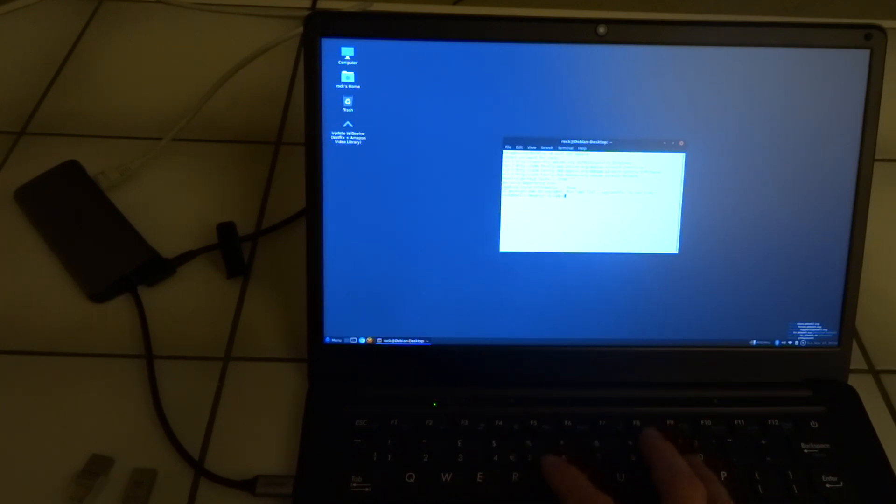Now we do sudo apt upgrade. And yes, we want to continue.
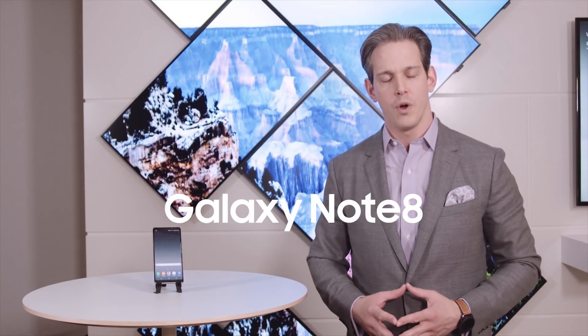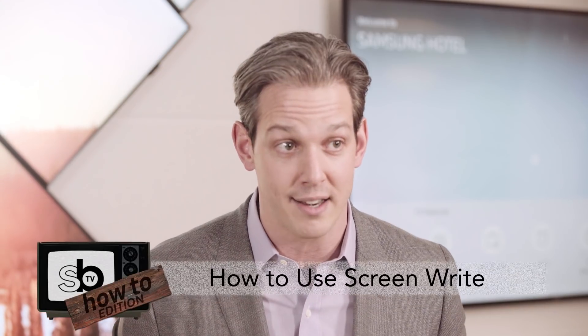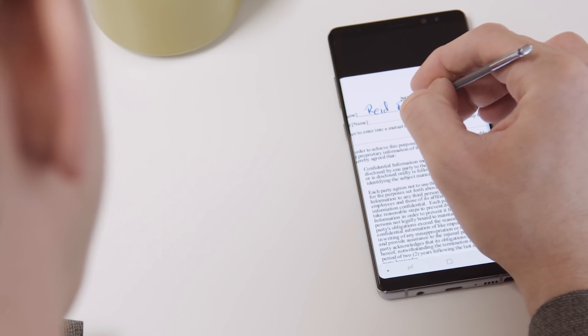Hey guys, do you ever wish that you could annotate directly onto the screen of your smartphone? Well, so do I. So I'm going to show you how to use ScreenWrite with your S Pen. ScreenWrite offers you the ability to annotate directly on your screen for urgent memos or even documents while you're on the go.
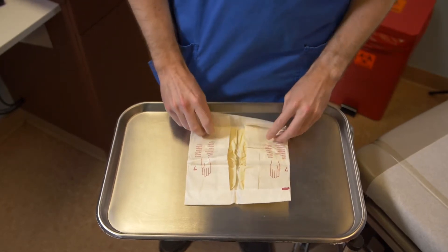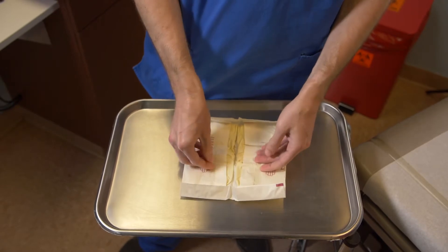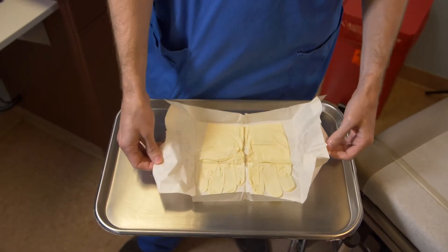Peel open the package being careful not to touch the sterile interior surface. Do not allow the gloves to slide between the sterile border of the package they are contained in. The gloves should be opened with the cuff end closest to you, the palms up, and the thumbs pointed outward. If the gloves are not positioned properly, turn the package around but do not reach over the sterile area.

_EXERCISE DESCRIPTION_
Except for the pictures, return every line of the material exactly.

_ANSWER BELOW_
Now we do sudo apt upgrade. And yes, we want to continue.
Hey guys, do you ever wish that you could annotate directly onto the screen of your smartphone? Well, so do I. So I'm going to show you how to use ScreenWrite with your S Pen. ScreenWrite offers you the ability to annotate directly on your screen for urgent memos or even documents while you're on the go.
Peel open the package being careful not to touch the sterile interior surface. Do not allow the gloves to slide between the sterile border of the package they are contained in. The gloves should be opened with the cuff end closest to you, the palms up, and the thumbs pointed outward. If the gloves are not positioned properly, turn the package around but do not reach over the sterile area.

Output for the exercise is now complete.